This can include at least the specific coolers within the engine
that should be activated and the amount of cooling that each cooler
should perform.
[0055] For illustration, the controller 190 is configured to
control ignition timing by adjusting both primary and secondary
parameters. Primary parameters include fuel injection timing, fuel
quantity, fuel ratio, intake and/or exhaust valve timing, and other
parameters including cooler usage, which are originally set at
calibrated, predetermined values based on the desired engine
operating speed and load. Detection of ignition timing may cause
changes to fewer or all of these parameters in an attempt to
achieve stable combustion. However, in certain extreme
environmental conditions, for example, during operation in
excessively high temperature and low humidity positions, or at high
altitude, there may be excessive heat present in the cylinder,
which may in turn cause premature ignition of the stratified
air/fuel mixture.
[0056] When excessive heat in the cylinder is detected, for
example, by monitoring intake manifold temperature and/or by
detecting premature combustion in the cylinders, the cooler usage
module 440 adjusts the rate of cooler usage that is commanded. A
desired setting for each of the engine coolers can be determined on
the basis of engine speed and load, as well as on the timing
signal.
[0057] When a desired cooler usage rate has been determined within
the cooler usage module 440, an error between the desired and
actual cooler usage rates is calculated and provided to a control
algorithm, which yields cooler command signal 442. The control
algorithm may be any suitable algorithm such as a
proportional-integral-derivative (PID) controller or a variation
thereof, a model based algorithm, a single or multidimensional
function and the like. Moreover, the control algorithm may include
scheduling of various internal terms thereof, such as gains, to
enhance its stability. The cooler command signal 442 is optionally
compensated by the addition of compensation terms at a junction 443
to provide a final cooler command signal 444 to control any of the
engine coolers 123, 124, 127, 129, 174, and/or 186.
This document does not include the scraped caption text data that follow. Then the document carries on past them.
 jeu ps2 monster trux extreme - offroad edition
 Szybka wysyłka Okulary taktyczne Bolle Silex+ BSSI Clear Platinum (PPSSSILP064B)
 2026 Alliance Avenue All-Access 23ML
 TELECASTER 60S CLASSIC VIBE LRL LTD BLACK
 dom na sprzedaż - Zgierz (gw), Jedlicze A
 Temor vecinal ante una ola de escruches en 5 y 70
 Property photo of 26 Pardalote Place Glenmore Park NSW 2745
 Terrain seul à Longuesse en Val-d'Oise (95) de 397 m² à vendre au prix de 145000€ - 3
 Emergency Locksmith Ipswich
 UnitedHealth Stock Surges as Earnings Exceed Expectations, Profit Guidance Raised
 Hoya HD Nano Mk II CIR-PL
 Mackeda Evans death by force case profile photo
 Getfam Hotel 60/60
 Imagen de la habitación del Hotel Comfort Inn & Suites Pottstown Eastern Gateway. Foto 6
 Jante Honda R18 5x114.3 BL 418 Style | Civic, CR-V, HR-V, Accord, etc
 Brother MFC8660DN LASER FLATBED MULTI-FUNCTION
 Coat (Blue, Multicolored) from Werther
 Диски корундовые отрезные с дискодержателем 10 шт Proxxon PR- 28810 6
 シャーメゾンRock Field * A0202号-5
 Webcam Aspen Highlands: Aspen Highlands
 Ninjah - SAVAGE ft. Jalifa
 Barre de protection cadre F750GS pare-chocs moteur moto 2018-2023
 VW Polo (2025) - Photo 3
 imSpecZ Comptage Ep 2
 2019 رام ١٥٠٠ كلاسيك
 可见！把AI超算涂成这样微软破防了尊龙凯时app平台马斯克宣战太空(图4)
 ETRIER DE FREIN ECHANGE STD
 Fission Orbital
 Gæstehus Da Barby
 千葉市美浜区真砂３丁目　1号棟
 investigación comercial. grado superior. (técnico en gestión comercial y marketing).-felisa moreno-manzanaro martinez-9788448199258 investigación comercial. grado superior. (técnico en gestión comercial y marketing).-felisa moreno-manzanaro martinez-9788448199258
[0058] The controller 190 also includes a fuel control module 450
(not shown) that can control the injection timing and duration of
the fuel injectors 144 and 156 of the reactivity compression
controlled ignition engine 102. The fuel control module can receive
any number of inputs including the engine speed signal (RPM) 402,
the engine load signal (LOAD) 404, the cylinder pressure signal
(CYL-P) 405, the intake valve timing signal (I-TIM) 406, the
exhaust cam timing signal (E-TIM) 408, the intake temperature
signal (I-TEMP) 412, the engine cooler usage signals (COOL) 416,
and other parameters, such as intake manifold pressure, exhaust
pressure, engine oil or coolant temperature, ignition timing and
the like. From these inputs and based on desired operating
conditions such as desired engine speed and desired engine load the
fuel control module can control the timing and duration of the fuel
injectors 144 and 156 to control the timing and amount of gasoline
and diesel fuel that are injected into each of the cylinders 106.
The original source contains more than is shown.